The robotics team at The University of Texas-Pan American proved they were "Bulletproof" as they upstaged their competition to remain the defending champs at the 2008 Institute of Electrical and Electronics Engineers (IEEE) Region 5 Conference in Kansas City, Mo.
"We were determined to demonstrate that our students have been trained to become excellent electrical engineers who are capable of defending the robotics championship," Dr. Mounir Ben Ghalia, electrical engineering associate professor at UTPA and IEEE technical adviser, said. "In a way, winning first place two years in row has meant that our first win was not random luck, but a winning trend that we are determined to keep."
The championship team, who won for their robot named "Escorpion," competed against 30 other university teams from across the central United States. This was the fourth time that a UTPA team had participated in the robotics competition.

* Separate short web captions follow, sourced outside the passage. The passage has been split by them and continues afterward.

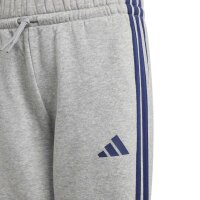adidas Seasonal Essentials Tiberio 3 Stripes Fleece Trainingsanzug Kinder - dkblue/white/mgreyh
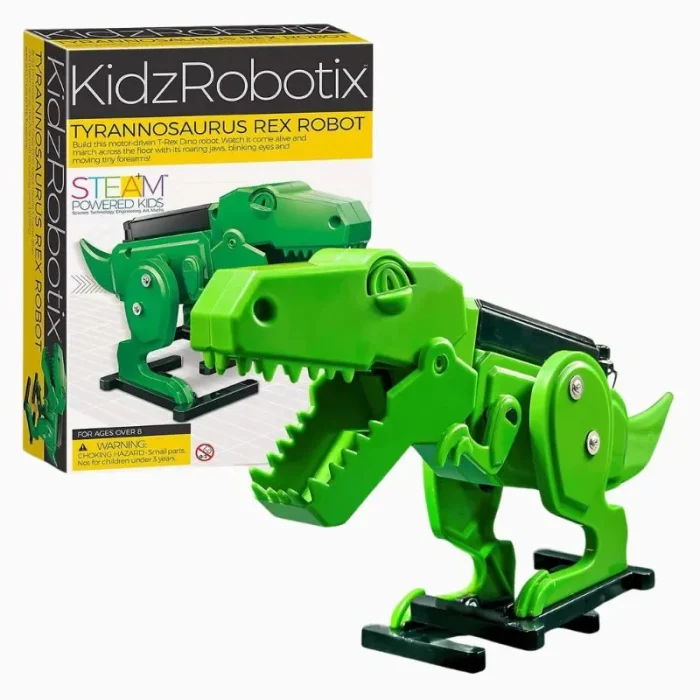 Robô T-Rex Kit De Montagem 4M - Imagem 8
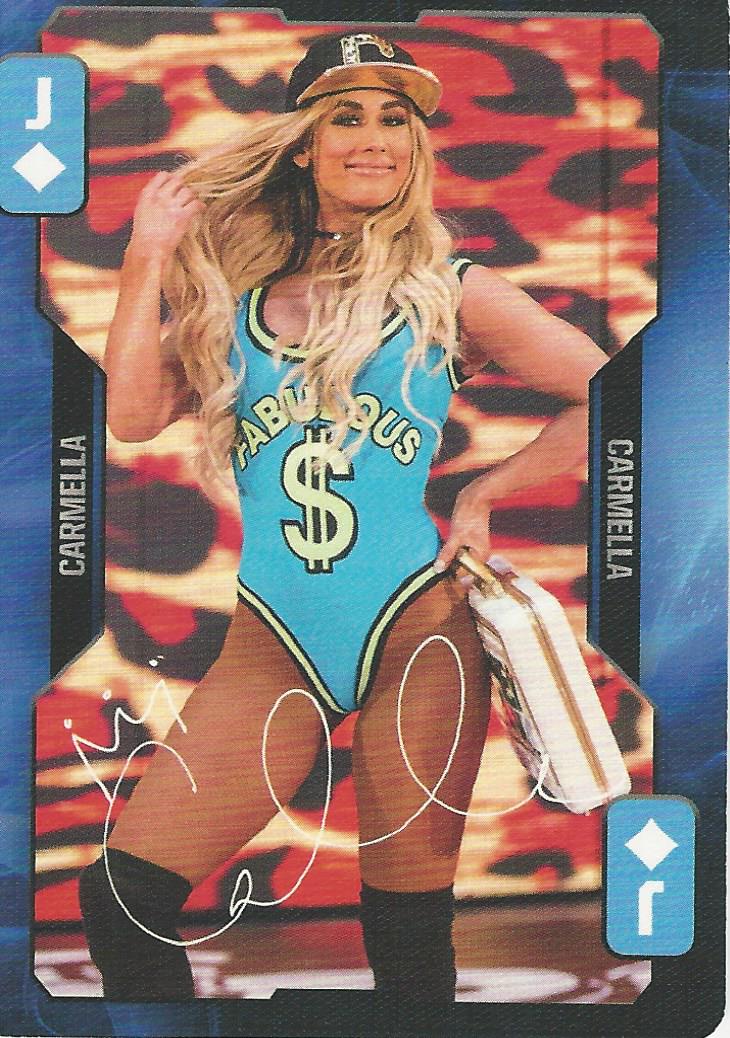 WWE Evolution Playing Cards 2019 Carmella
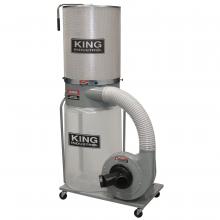 King Canada KC-3109C/KDCF-3500 - 1200 CFM dust collector with canister filter 220 Volt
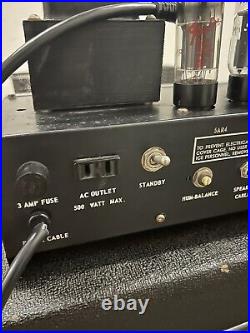 1969 Ampeg SB-12 Portaflex Amplifier Head Vintage Rare Works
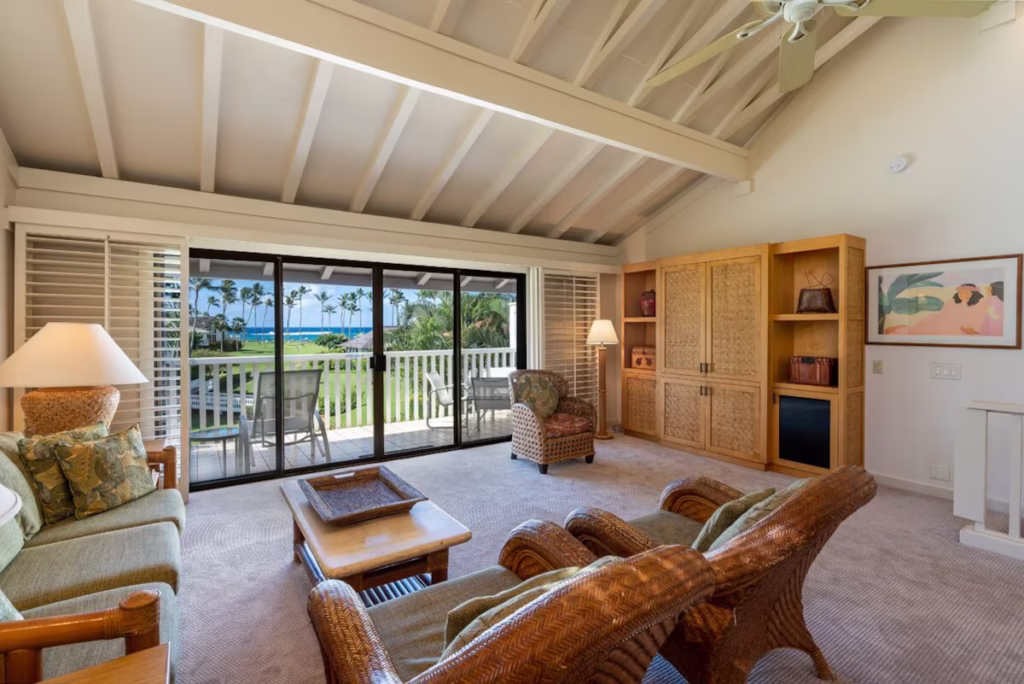 Kiahuna plantation condo interior Kauai vacation rental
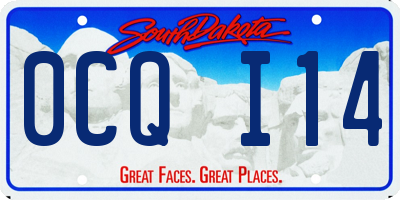 SD license plate 0CQI14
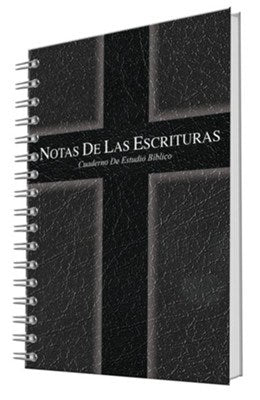 Spanish Notebook-Scripture Notes Bible Study-Cross-Black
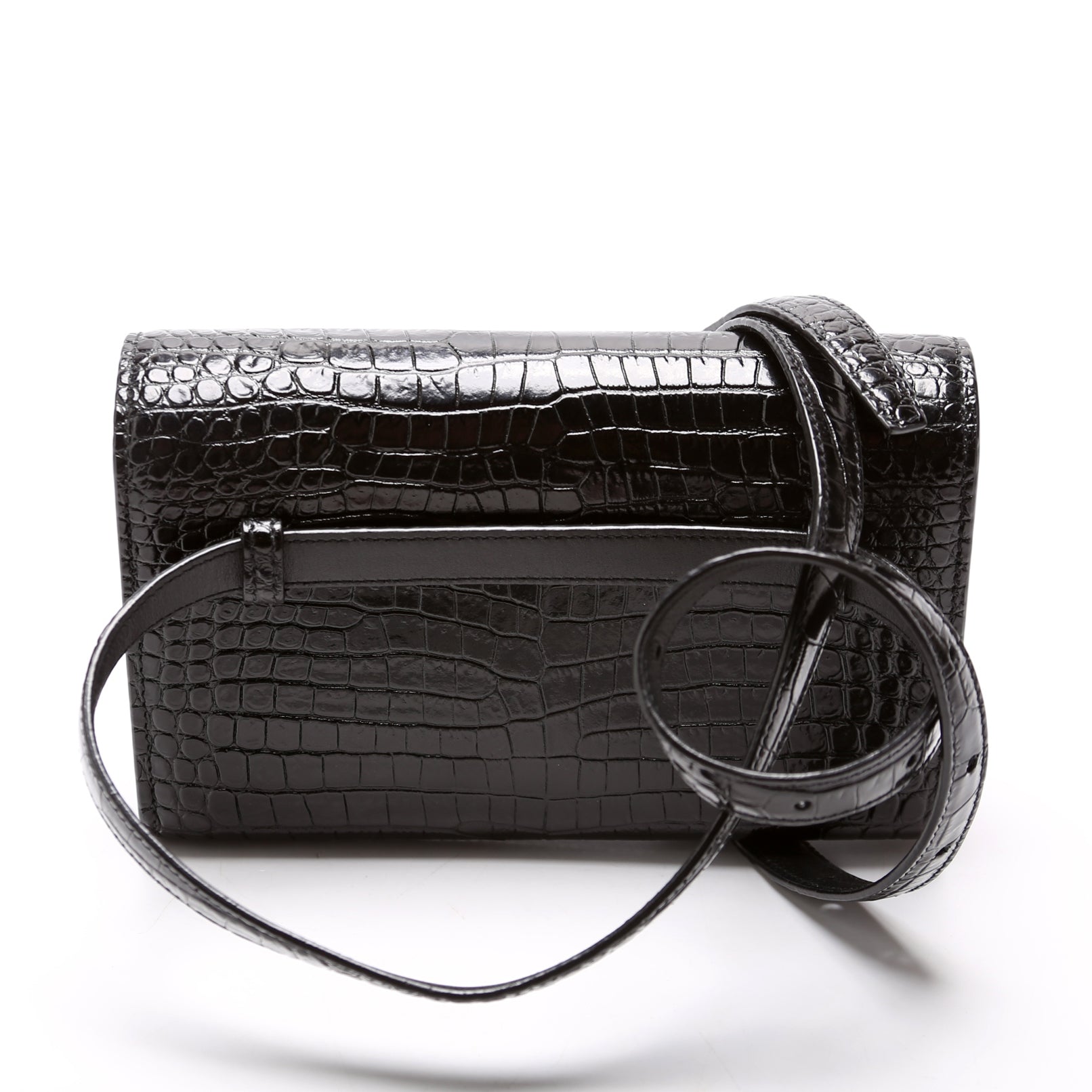YSL Saint Laurent Kate Belt Croc Bag Embossed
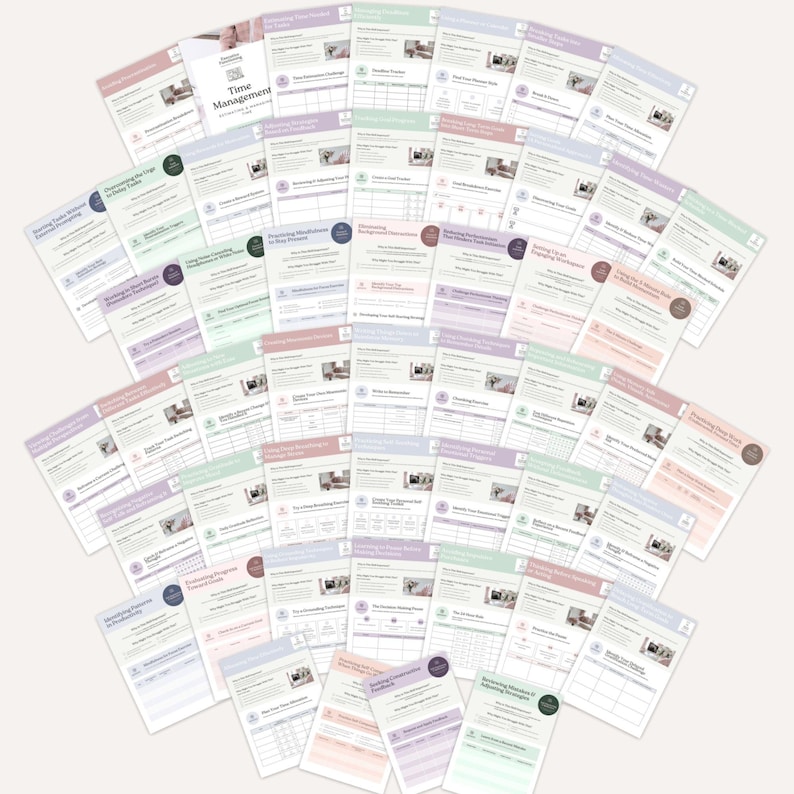 Executive Functioning Workbook | Mega Activity Bundle | Teacher Wellbeing | Coaching | Performance | Leadership | Student Resource | Course image 2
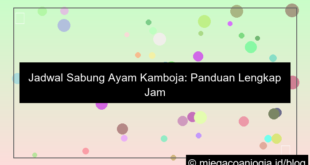 jam tayang sabung ayam cambodia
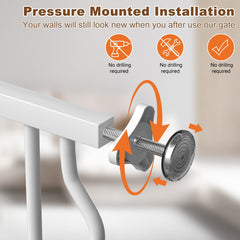 Mornyray double-lock safety gate offers secure one-handed access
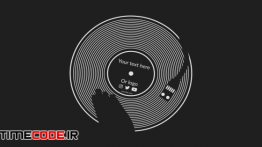 دانلود پروژه آماده افترافکت : لوگو گرامافون Vinyl Logo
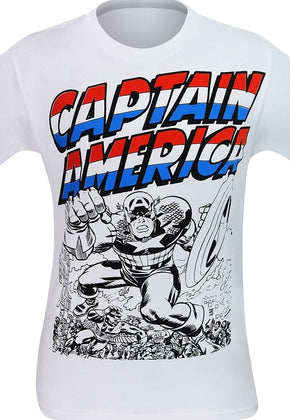 Screamer In The Brain Captain America T-Shirt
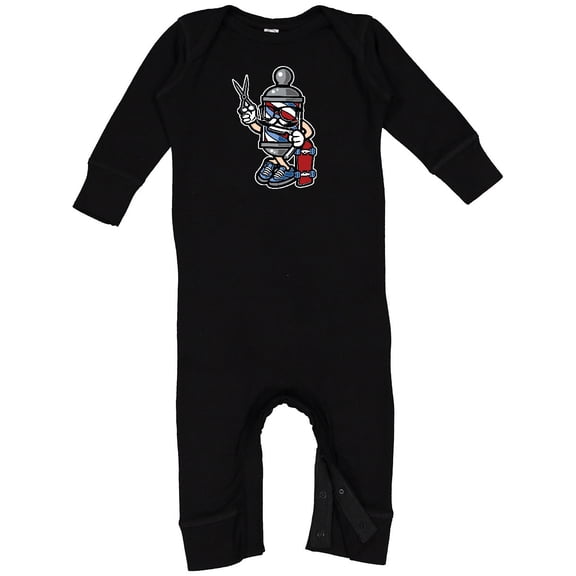 Inktastic Barber Skater Baby Romper Coveralls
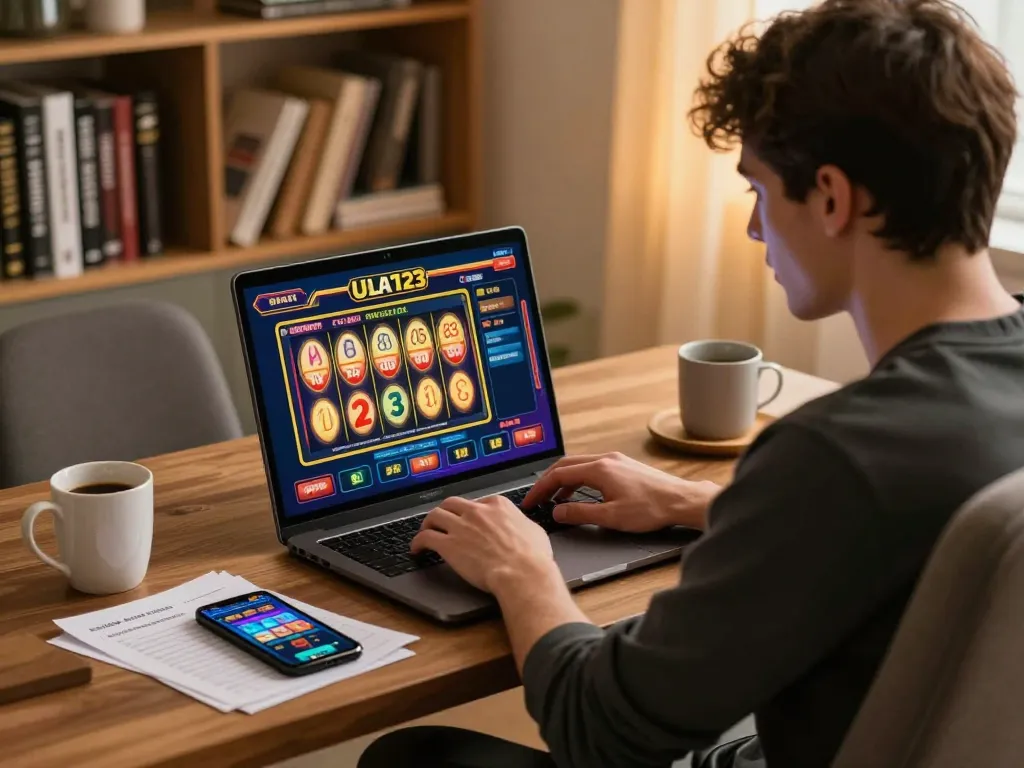 Pemain yang terlibat mengalami keseruan slot online Ulat123 dari pengaturan rumah yang nyaman.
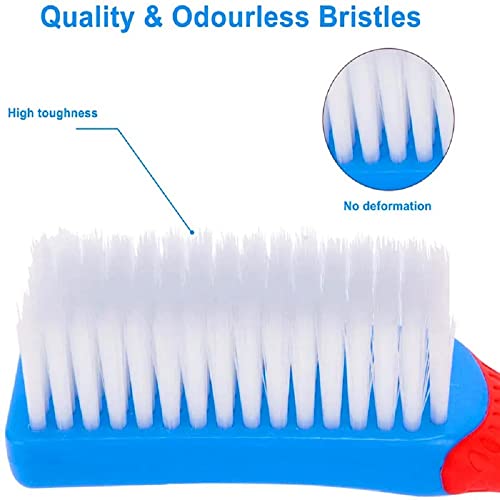 AKRIZA Pack of 2 Eco-Friendly Multipurpose Nano Soft Hair Brush for Clothes, Bathroom, Sink Cleaning - Plastic Shoe Cleaning Accessories (Yellow & Blue) - Image 4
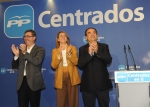 Cospedal, junto a Marcial Marín y Valentín Bueno.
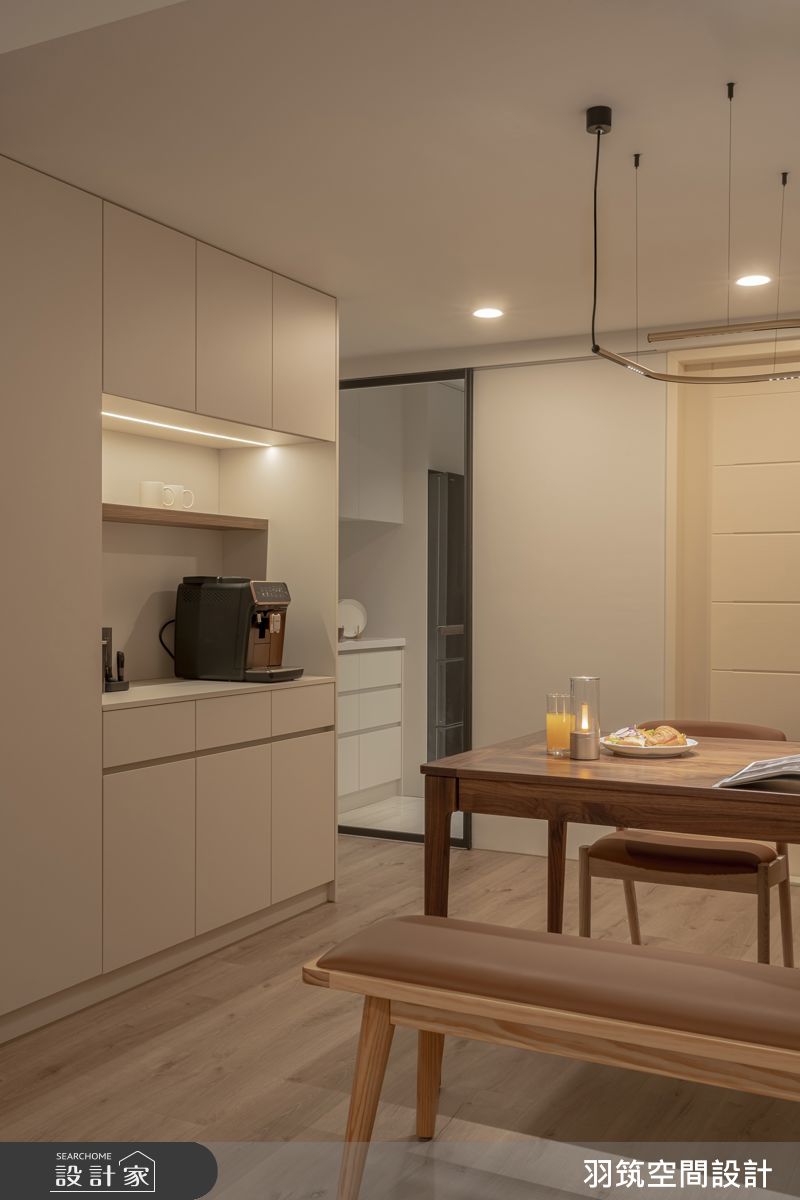24坪預售屋＿現代風餐廳廚房案例圖片＿羽筑空間設計＿羽筑_102宜雄絢耀 -淺籟靜域之8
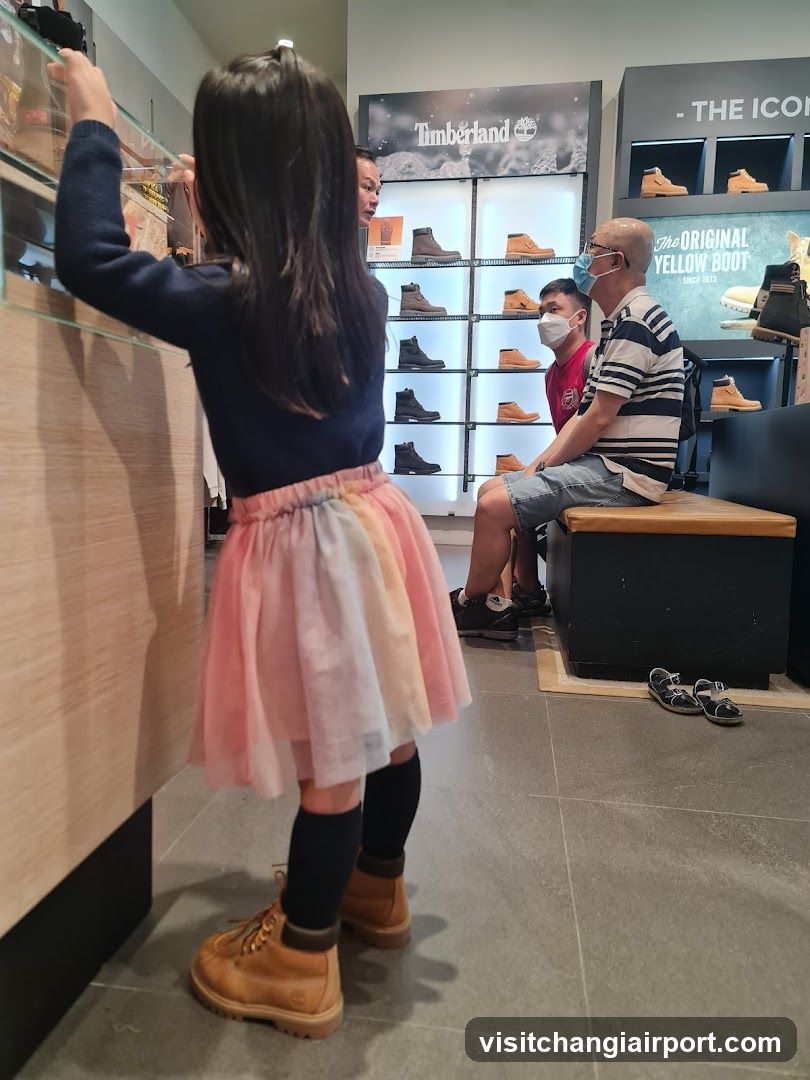 Shoe Store Interior Scene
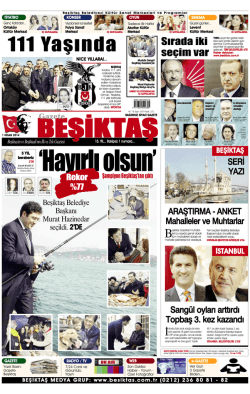 siyasi - Gazete Beşiktaş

Ben Ghalia said the competition consisted of designing an autonomous robot to demonstrate how it can be used to handle hazardous materials without human intervention. The task of the team's robot was to navigate itself on a closed track and move casks from a deposit area to the storage area.
Based on the weight of the casks, the robot had to self-determine in which color-coded bin the casks had to be stored. The teams were judged on how the robot maneuvered itself on the track, how it recognized color and weight, and its accuracy in placement of the objects.
The students designed and built the robot as part of their two-semester senior design course, which is a required course in the electrical engineering degree plan. The winning robot design was sponsored in part by a grant from the Intel Corporation.
"They were aware of the high stakes, but they took the challenge. This is important in whatever you do. They were very dedicated to their project, and spent long hours in the Electrical Engineering Robotics and Control Systems Lab where they designed, built, and tested their robot," Ben Ghalia said.
IEEE is considered one of the world's largest engineering organizations, and its members include faculty, students, and industry individuals from all over the world. Region 5 of IEEE represents the Southwestern region of the United States and it includes universities from the following states: Texas, Louisiana, Arkansas, Missouri, Oklahoma, Nebraska, Wyoming, South Dakota, Illinois, Kansas, Colorado, and New Mexico.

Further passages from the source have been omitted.